***** The data

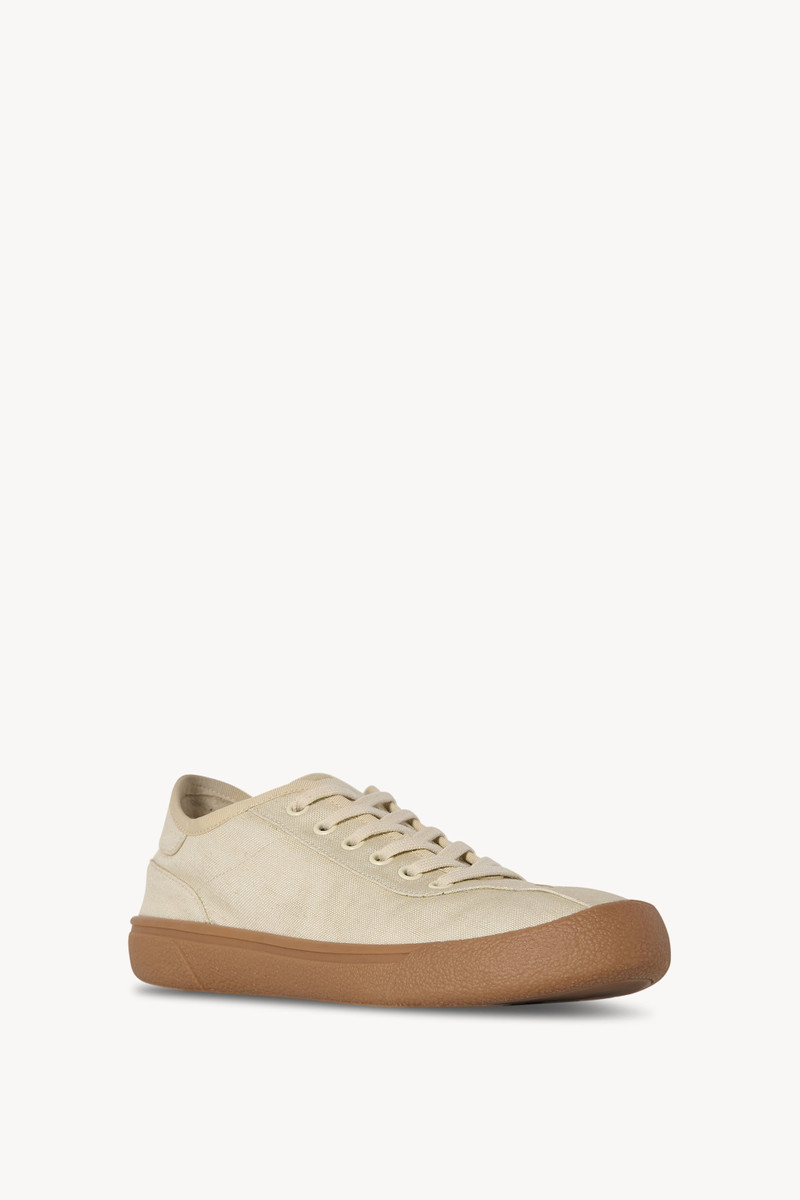 The Row Canvas Sneakers in Viscose and Linen outlook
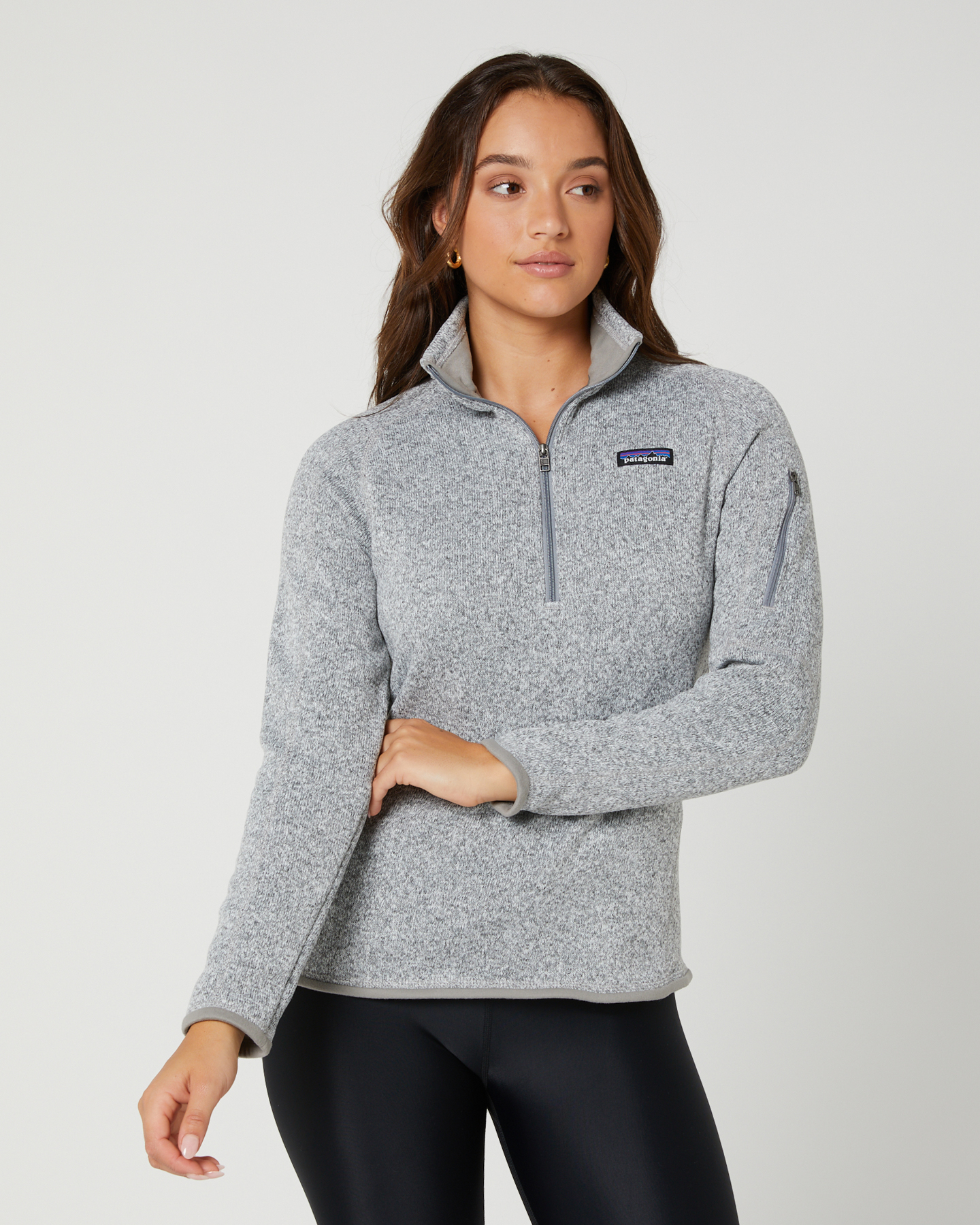 Patagonia birch shop white quarter zip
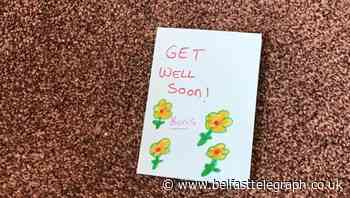 Children make ‘get well soon’ cards for Boris Johnson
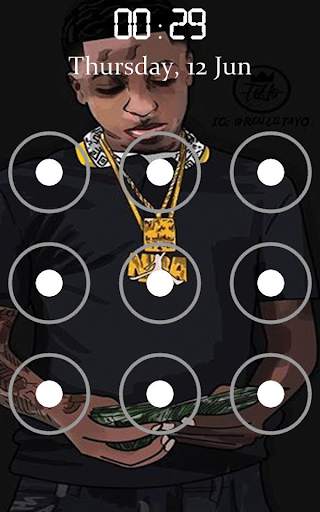 NBA Youngboy Pattern Lock Screen screenshot 1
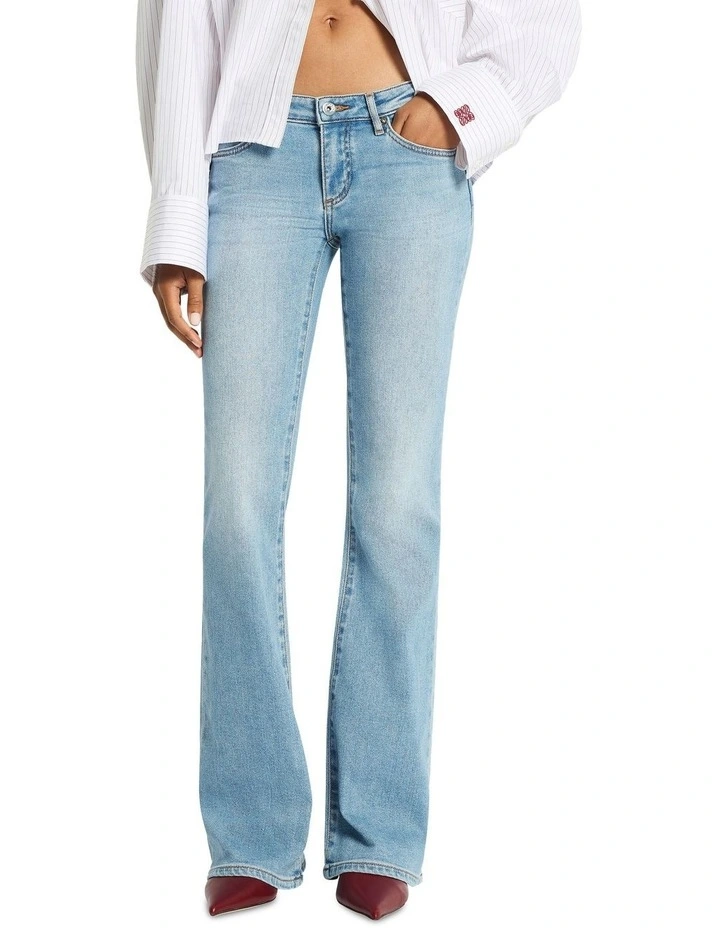 Vintage Low Rise Bootleg Jean in Washed Indigo image 2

**********

Task item>
Leave the pictures out and restate exactly the lines from the one that has "Patagonia birch shop white quarter zip" through the final line of the entries above, both ends included.

Task output>
 Patagonia birch shop white quarter zip
 Children make ‘get well soon’ cards for Boris Johnson
 NBA Youngboy Pattern Lock Screen screenshot 1
 Vintage Low Rise Bootleg Jean in Washed Indigo image 2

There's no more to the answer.